KS of the head and neck is uncommon, but due to the rarity of sarcomas in this region, KS represents 20% to 25% of head and neck sarcomas. ³ Non-AIDS-related head and neck KS lesions have a propensity for the hard palate and the oropharynx. ¹⁰ This is due to the oral cavity being the site of the most viral shedding, as horizontal transmission through saliva is how the virus spreads. Reports of oral cavity endemic KS are scarce and classic KS with oral involvement only 5% were seen in patients with HIV-negative. ¹⁰ The case presented above fits a picture of an incredibly-rare oral mucosal lesion of endemic KS and serves to illustrate how difficult it can be to diagnose KS of the head and neck without a broad differential. When working up the oral cavity lesion, it is important to first make sure it is not a carcinoma, especially in patients with HIV-positive status, history of organ transplantation, or immunosuppression status. Bacillary angiomatosis, a rare AIDS-associated vasoproliferative lesion, must also be ruled out as it can mimic KS. This is carried out with demonstration of the causative microorganism, Bartonella henselae, with the Warthin-Starry stain.

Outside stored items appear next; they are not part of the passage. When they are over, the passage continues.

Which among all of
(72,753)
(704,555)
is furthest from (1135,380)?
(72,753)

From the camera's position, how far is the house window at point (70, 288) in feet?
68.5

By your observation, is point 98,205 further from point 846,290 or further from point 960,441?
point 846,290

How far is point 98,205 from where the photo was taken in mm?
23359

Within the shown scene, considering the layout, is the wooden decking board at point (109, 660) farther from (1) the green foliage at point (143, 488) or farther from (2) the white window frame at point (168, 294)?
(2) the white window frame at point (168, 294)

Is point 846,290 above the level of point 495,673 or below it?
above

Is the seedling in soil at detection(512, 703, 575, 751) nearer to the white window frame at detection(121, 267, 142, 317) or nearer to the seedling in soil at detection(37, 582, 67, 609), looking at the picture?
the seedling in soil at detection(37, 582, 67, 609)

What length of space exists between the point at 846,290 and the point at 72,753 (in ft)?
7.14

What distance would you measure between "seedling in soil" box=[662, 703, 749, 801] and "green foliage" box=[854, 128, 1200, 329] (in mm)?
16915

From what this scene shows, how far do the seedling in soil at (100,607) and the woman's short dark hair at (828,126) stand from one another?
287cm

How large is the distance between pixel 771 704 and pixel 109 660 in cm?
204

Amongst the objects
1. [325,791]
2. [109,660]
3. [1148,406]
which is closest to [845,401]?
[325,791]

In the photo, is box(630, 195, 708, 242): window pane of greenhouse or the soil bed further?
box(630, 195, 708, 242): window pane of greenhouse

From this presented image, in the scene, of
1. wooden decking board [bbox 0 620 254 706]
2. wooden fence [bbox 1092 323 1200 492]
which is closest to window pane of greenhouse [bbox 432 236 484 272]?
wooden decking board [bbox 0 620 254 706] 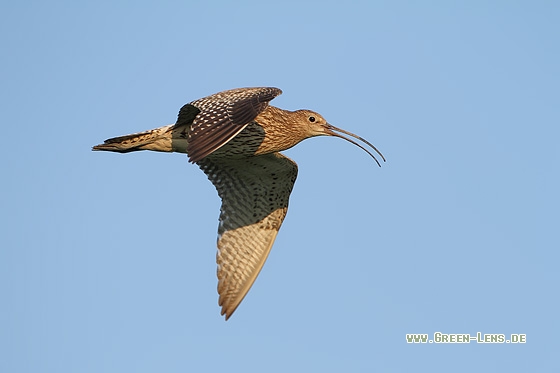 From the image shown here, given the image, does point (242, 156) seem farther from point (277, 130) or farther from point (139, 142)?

Treatment for KS in patient with HIV-negative involves local excision, radiotherapy, and chemotherapy either single agent or combination. Radiotherapy is often an effective management strategy as this is a radiosensitive lesion. ² Cutaneous tumors may be treated with intralesional chemotherapy, such as imiquod or allotretinoin gel. Treatment of metastatic disease requires single agent chemotherapy with either bleomycin, vinblastine, or an anthracycline. Other systemic options include all transretinoic acid, bevacizumab, sirolimus, or immunotherapy with interferon-α or immune checkpoint inhibitors; however, response rates for systemic treatment are generally low. ¹² The patient was started on doxorubicin chemotherapeutic agent for a widely-disseminated disease with metastasis to the lymph nodes and bone.

Conclusion

There are several subtypes of KS and is often associated with HIV infection or immunosuppression. These subtypes are classic, African/endemic, immunosuppression, and AIDS-related. Each of these subtypes has a slightly-different way in which it presents and in different populations. KS of the head and neck is uncommon but has a propensity for the oropharynx and the hard palate of the oral cavity. While cases of HIV-negative classic KS are rare, they have been reported on. HIV-negative patients with endemic subtype of KS are incredibly uncommon and are not well reported. This is a unique case of aggressive, widely-metastatic oral cavity endemic KS in a patient with HIV-negative. This uncommon pathology merits documentation so that it can be added to our understanding of this disease.